Beijing's New Hot Spots
The couple behind Imperial Tours on their favorite places in Beijing.
Green T. House and Living
JinR is the beautiful multitasking artist, tea connoisseur, musician, chef and designer behind two of Beijing’s most stylish restaurants, the Green T. House (6 Gongtixilu.; 86-10/6552-8310) and Green T. House Living (No. 318 Cuige Zhuang Xiang Hege Zhuang Cun; 86-10/6434-2519), as well as the Bath House Residence (86-10/6434-2519), a transcendent spa on the city’s edge. She also just launched Green-T-House.com, a new online boutique that showcases furniture and homewares of her own design. “I am inspired by the beauty and elegance of my traditional culture,” JinR says, “but also wish to take this design vernacular forward and create a certain relevance to the modern Chinese.” A clear Plexiglas chair ($3,755) in the form of a traditional Ming Dynasty seat is a perfect example.
Daniel Boulud came to Beijing early, opening Maison Boulud in the former U.S. embassy adjacent to Tiananmen Square in 2008, a time when most Western chefs had made headway only in Shanghai. “Years ago, only French chefs from France were invited to open restaurants in Asia,” says the French-born, New York–based Boulud, who is both. “Today the world looks to New York restaurateurs.” Three years since opening, Maison Boulud still has the best French cuisine in town and has used its primacy to procure the choicest ingredients from local purveyors: Though the beef is Wagyu and the lamb is from New Zealand, chef Brian Reimer sources much from the area’s farmers, like eggplant and zucchini, which make their way on to the menu as an accompaniment to za’atar-dusted veal tenderloin wrapped in pancetta. At 23 Qian Men Dongdajie; 86-10/6559-9200; maisonboulud.com.
Midnight in Peking
For the release of Midnight in Peking, the new book from Paul French based on the true story of the murder of Pamela Werner, the young daughter of a former British consul in 1930s Beijing, Penguin China has put together a wonderful walking tour through many of the locations, from the hutong where Werner once lived to the legation quarter, which now houses Maison Boulud, to the ice-skating rink where Werner was last seen. For tour information, contact Abi Howell at Penguin China; 86-10/6409-6982; midnightinpeking.com.
China World Summit Wing
One of the city’s chicest new hangouts is Atmosphere Bar, on the 80th floor at the China World Summit Wing hotel, in Beijing’s tallest building. Often booked solid for a month (hotel guests receive preference), Atmosphere has Beijing’s best cocktails, while the crowd—beautiful, sophisticated and well-off—is among the city’s most stylish. Of the hotel’s 278 rooms and suites, the newest of the Shangri-La gang, try one of the Grand Premiere rooms, the only places where one can soak in a marble bathtub while gazing out over the Forbidden City. At 1 Jianguomenwai Ave.; 86-10/6505-2299.

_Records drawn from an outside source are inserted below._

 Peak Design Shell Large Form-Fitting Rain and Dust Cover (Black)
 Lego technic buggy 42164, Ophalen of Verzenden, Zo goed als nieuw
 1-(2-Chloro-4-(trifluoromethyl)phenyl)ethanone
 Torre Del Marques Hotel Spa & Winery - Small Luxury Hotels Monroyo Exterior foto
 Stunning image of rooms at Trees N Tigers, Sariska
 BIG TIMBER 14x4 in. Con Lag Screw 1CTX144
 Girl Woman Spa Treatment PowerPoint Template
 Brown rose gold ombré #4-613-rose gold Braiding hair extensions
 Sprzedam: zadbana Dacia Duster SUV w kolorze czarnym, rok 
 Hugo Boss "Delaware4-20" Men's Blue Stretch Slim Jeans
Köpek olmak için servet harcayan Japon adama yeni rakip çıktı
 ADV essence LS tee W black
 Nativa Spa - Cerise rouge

While most wealthy Chinese are drawn to the new Lanvin and Prada shops at the upscale Sanlitun Village North, true cognoscenti head to the mall’s basement, where half a dozen shops by Chinese luxury designers have sprung up. The best is BNC, opened by media guru Hong Huang, who has a keen eye for up-and-coming local designers like Uma Wang and Pari Chen, whose knit dresses (from $470) and elegantly draped eveningwear (from $320) are sold at this store. At 09A Sanlitun Village N.; 86-10/6416-9045.
Temple Restaurant Beijing
Housed in a 600-year-old former Qing Dynasty temple compound (forgotten, buried and only rediscovered in 2007), Temple has been restored and is now one of Beijing’s most exclusive restaurants. Opened in mid-September, it’s also available for private parties, which include French-inspired tasting dinners and the warm care of Ignace Lecleir, the former general manager of Maison Boulud. At 23 Songzhusi, Shatan Beijie; 86-10/8400-2232; temple-restaurant.com.